Image-caption web data
---
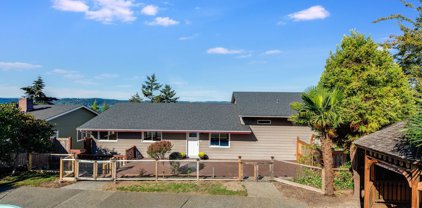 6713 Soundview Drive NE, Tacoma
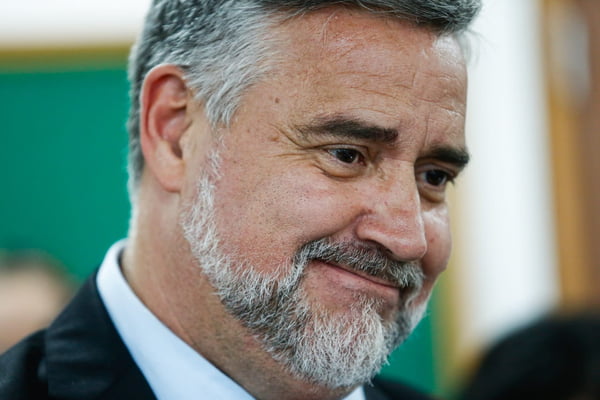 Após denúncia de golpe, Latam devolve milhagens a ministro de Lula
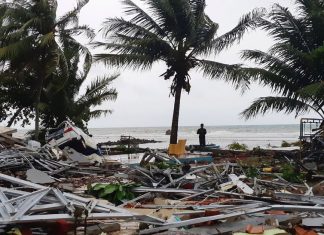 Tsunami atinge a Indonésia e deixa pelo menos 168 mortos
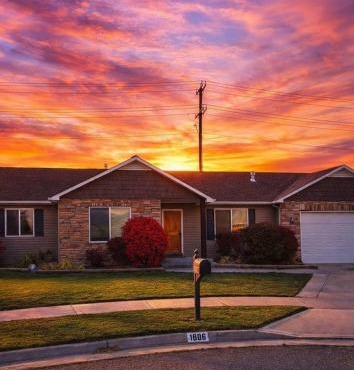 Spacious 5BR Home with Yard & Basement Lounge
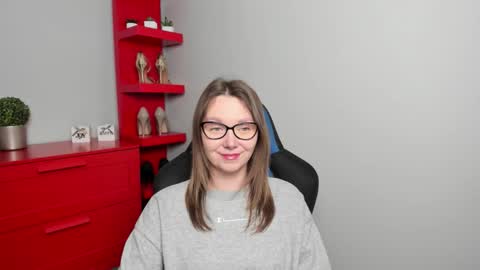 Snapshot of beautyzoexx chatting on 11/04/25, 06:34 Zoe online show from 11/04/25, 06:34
---
**WHAT THE TASK ASKS:** What you return should match the records line for line, minus the pictures.

**TASK RESPONSE:**
 6713 Soundview Drive NE, Tacoma
 Após denúncia de golpe, Latam devolve milhagens a ministro de Lula
 Tsunami atinge a Indonésia e deixa pelo menos 168 mortos
 Spacious 5BR Home with Yard & Basement Lounge
 Snapshot of beautyzoexx chatting on 11/04/25, 06:34 Zoe online show from 11/04/25, 06:34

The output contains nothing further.